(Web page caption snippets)
+++

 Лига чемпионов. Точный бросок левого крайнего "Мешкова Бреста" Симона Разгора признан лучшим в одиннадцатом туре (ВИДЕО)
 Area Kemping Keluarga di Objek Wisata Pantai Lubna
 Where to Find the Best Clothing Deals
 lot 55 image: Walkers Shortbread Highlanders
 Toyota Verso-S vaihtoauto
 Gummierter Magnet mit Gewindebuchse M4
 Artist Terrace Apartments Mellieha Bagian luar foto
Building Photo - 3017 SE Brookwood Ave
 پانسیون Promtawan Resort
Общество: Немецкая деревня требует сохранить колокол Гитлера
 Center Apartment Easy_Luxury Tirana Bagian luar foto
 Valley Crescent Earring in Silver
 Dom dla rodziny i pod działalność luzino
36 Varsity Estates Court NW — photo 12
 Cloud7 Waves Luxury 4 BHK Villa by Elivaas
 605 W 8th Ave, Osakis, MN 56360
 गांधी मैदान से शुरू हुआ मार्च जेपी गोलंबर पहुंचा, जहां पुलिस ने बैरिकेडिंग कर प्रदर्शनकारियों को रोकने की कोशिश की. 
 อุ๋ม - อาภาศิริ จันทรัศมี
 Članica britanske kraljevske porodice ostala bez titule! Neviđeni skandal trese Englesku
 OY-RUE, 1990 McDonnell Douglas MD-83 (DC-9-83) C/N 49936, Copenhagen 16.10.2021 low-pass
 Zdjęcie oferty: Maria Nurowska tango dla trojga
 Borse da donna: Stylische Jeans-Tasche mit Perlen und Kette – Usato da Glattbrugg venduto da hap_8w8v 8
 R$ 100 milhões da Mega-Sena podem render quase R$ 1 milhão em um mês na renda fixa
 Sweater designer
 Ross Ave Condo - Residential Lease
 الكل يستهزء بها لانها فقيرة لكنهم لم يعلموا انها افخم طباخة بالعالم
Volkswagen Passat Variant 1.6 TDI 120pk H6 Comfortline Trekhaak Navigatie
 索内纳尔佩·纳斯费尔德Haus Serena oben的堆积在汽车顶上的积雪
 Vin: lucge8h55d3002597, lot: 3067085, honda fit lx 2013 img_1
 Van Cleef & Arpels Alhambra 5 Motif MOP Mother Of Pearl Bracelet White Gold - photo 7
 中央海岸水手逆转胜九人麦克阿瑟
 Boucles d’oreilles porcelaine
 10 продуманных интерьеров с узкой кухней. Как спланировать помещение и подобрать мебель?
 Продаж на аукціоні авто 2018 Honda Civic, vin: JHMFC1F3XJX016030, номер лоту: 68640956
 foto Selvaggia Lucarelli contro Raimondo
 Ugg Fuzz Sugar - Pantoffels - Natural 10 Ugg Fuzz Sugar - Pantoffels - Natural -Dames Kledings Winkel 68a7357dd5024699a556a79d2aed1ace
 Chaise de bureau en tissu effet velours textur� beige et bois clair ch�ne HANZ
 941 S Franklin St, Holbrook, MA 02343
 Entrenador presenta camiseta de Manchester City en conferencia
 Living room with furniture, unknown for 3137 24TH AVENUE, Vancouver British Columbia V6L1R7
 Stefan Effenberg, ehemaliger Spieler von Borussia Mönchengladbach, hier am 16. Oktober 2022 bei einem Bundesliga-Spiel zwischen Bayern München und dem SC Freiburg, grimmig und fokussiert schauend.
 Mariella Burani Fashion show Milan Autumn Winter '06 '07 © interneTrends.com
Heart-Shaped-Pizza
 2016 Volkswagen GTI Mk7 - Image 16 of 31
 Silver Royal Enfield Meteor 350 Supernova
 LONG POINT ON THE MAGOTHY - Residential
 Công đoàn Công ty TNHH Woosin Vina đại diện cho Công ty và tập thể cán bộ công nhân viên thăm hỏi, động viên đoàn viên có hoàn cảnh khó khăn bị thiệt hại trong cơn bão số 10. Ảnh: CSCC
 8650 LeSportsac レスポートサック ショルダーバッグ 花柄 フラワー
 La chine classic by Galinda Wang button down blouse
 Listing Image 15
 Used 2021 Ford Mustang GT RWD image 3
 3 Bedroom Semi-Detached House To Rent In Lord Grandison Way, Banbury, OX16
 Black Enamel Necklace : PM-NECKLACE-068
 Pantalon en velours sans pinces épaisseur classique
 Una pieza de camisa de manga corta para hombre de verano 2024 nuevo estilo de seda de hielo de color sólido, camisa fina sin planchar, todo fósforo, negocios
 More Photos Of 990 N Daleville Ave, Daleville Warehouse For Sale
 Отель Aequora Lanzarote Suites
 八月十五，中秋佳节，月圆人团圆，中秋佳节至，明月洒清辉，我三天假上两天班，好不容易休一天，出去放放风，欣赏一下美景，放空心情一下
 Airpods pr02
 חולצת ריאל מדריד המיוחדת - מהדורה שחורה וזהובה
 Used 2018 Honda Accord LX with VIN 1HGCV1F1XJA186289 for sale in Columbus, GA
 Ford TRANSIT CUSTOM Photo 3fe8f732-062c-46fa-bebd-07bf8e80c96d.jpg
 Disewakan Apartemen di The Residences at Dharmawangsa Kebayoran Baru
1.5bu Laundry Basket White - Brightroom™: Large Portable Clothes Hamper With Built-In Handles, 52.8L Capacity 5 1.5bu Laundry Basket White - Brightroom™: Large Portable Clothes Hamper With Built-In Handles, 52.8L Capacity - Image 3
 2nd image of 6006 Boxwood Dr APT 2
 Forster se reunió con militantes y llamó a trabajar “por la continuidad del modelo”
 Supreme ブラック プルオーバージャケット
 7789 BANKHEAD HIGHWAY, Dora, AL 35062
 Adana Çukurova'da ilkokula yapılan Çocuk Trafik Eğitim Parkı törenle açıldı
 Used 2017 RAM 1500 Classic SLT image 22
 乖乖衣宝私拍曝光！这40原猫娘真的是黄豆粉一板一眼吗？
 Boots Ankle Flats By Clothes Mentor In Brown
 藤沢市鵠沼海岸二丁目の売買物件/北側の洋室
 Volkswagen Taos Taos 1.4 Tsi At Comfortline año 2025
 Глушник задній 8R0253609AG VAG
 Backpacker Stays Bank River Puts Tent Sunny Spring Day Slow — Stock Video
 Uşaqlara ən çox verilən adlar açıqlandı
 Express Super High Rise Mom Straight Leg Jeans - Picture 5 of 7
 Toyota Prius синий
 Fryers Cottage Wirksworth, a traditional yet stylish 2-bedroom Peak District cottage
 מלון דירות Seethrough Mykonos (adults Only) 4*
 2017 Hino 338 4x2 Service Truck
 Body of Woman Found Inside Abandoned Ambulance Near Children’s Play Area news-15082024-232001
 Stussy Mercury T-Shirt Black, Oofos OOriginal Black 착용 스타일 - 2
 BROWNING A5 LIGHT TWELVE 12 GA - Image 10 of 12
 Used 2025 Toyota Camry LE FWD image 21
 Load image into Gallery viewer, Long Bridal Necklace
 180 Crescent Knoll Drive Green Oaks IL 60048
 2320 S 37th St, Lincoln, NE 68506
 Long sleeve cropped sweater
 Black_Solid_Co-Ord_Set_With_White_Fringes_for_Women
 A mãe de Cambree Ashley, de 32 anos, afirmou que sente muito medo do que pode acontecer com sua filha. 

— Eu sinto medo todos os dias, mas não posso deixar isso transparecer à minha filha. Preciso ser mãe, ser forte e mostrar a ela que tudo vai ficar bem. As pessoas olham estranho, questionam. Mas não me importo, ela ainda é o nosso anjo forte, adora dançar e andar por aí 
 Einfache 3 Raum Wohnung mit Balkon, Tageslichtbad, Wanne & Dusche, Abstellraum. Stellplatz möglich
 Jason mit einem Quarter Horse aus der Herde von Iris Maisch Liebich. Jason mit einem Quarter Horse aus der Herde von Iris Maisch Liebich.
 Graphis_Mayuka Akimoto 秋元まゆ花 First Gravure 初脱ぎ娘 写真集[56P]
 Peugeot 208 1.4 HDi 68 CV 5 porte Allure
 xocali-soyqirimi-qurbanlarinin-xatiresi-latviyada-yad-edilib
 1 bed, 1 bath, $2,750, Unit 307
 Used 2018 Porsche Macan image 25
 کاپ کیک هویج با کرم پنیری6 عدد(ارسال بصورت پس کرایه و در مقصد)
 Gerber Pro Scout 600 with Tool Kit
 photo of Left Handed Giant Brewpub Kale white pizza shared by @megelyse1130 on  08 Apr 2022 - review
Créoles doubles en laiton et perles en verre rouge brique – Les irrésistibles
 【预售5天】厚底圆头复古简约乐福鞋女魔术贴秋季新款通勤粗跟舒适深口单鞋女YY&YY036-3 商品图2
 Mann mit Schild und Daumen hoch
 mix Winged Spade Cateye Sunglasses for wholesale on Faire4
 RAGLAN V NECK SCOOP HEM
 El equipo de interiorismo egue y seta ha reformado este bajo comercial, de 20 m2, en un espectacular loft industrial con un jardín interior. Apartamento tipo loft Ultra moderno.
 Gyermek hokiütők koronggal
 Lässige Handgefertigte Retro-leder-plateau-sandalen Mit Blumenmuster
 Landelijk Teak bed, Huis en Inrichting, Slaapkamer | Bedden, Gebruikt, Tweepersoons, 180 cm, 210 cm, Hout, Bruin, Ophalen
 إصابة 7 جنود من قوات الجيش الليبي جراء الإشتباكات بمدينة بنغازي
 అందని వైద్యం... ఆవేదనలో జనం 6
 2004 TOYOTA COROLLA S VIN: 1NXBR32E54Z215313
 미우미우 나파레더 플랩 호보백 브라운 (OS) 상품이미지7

+++

» **Work to complete**
Exactly as written, repeat each line from the beginning of the data above to the line containing "Zdjęcie oferty: Maria", inclusive.

» **Solution to this exercise**
 Лига чемпионов. Точный бросок левого крайнего "Мешкова Бреста" Симона Разгора признан лучшим в одиннадцатом туре (ВИДЕО)
 Area Kemping Keluarga di Objek Wisata Pantai Lubna
 Where to Find the Best Clothing Deals
 lot 55 image: Walkers Shortbread Highlanders
 Toyota Verso-S vaihtoauto
 Gummierter Magnet mit Gewindebuchse M4
 Artist Terrace Apartments Mellieha Bagian luar foto
Building Photo - 3017 SE Brookwood Ave
 پانسیون Promtawan Resort
Общество: Немецкая деревня требует сохранить колокол Гитлера
 Center Apartment Easy_Luxury Tirana Bagian luar foto
 Valley Crescent Earring in Silver
 Dom dla rodziny i pod działalność luzino
36 Varsity Estates Court NW — photo 12
 Cloud7 Waves Luxury 4 BHK Villa by Elivaas
 605 W 8th Ave, Osakis, MN 56360
 गांधी मैदान से शुरू हुआ मार्च जेपी गोलंबर पहुंचा, जहां पुलिस ने बैरिकेडिंग कर प्रदर्शनकारियों को रोकने की कोशिश की. 
 อุ๋ม - อาภาศิริ จันทรัศมี
 Članica britanske kraljevske porodice ostala bez titule! Neviđeni skandal trese Englesku
 OY-RUE, 1990 McDonnell Douglas MD-83 (DC-9-83) C/N 49936, Copenhagen 16.10.2021 low-pass
 Zdjęcie oferty: Maria Nurowska tango dla trojga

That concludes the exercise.